Cette aide, il ne pourra cependant la donner qu’entre deux représentations de son spectacle. Le conteur doit encore faire 150 représentations de son spectacle Un village en trois dés, ce qui fait en sorte que son agenda est bien rempli au moins jusqu’en 2020. Il a également confié à la centaine de personnes venues le voir et l’entendre dimanche qu’il attend une réponse pour le financement de l’adaptation cinématographique de son conte L’Arracheuse de temps. «Le film est déposé: le scénario est barré et le casting est fait», a-t-il annoncé.
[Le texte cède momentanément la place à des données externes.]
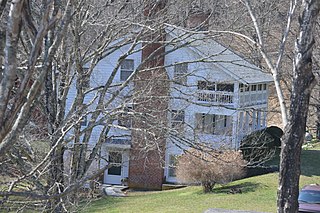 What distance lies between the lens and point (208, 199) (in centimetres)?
2339

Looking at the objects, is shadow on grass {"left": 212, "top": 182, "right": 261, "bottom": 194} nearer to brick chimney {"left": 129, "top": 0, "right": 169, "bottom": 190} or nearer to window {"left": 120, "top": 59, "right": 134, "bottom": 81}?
window {"left": 120, "top": 59, "right": 134, "bottom": 81}

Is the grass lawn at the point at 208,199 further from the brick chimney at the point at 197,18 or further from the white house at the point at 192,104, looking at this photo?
the brick chimney at the point at 197,18

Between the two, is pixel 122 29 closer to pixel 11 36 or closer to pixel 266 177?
pixel 11 36


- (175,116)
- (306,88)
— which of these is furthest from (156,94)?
(306,88)

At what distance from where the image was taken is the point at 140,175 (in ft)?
95.1

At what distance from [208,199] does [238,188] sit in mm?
2022

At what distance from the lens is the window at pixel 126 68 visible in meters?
27.5

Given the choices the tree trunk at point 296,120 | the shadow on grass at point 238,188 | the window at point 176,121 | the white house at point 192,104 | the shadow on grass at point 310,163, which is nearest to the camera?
the tree trunk at point 296,120

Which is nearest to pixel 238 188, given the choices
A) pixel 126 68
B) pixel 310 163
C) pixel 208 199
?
pixel 208 199

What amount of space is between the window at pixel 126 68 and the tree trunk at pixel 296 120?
19417 mm

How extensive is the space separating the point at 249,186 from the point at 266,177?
1592 mm

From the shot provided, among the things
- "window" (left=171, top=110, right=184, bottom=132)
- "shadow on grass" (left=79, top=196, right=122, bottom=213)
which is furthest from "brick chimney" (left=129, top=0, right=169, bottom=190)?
"shadow on grass" (left=79, top=196, right=122, bottom=213)

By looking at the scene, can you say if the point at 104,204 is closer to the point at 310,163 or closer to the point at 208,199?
the point at 208,199

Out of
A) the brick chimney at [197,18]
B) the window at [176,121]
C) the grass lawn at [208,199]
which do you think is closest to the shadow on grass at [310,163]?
the grass lawn at [208,199]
Lors de cette entrevue conviviale, animée par Patricia Powers et organisée par les Bibliothèques de Shawinigan dans le cadre des Journées de la culture, le conteur a parlé de son enfance à Saint-Élie-de-Caxton et de ses premiers pas comme conteur, anecdotes et humour à l’appui. Il a également parlé de sa vie en tournée, notamment en France, de ses projets - il travaille notamment avec le groupe Salebarbes, composé notamment des frères Jonathan et Éloi Painchaud, ex-membres d’Okoumé - et de son processus de création.

Une représentation de son spectacle avait ensuite lieu, en après-midi, toujours au Centre des arts de Shawinigan.

Il sera le 11 octobre à La Tuque, avant de s’envoler en novembre pour quelques représentations en Suisse et en France.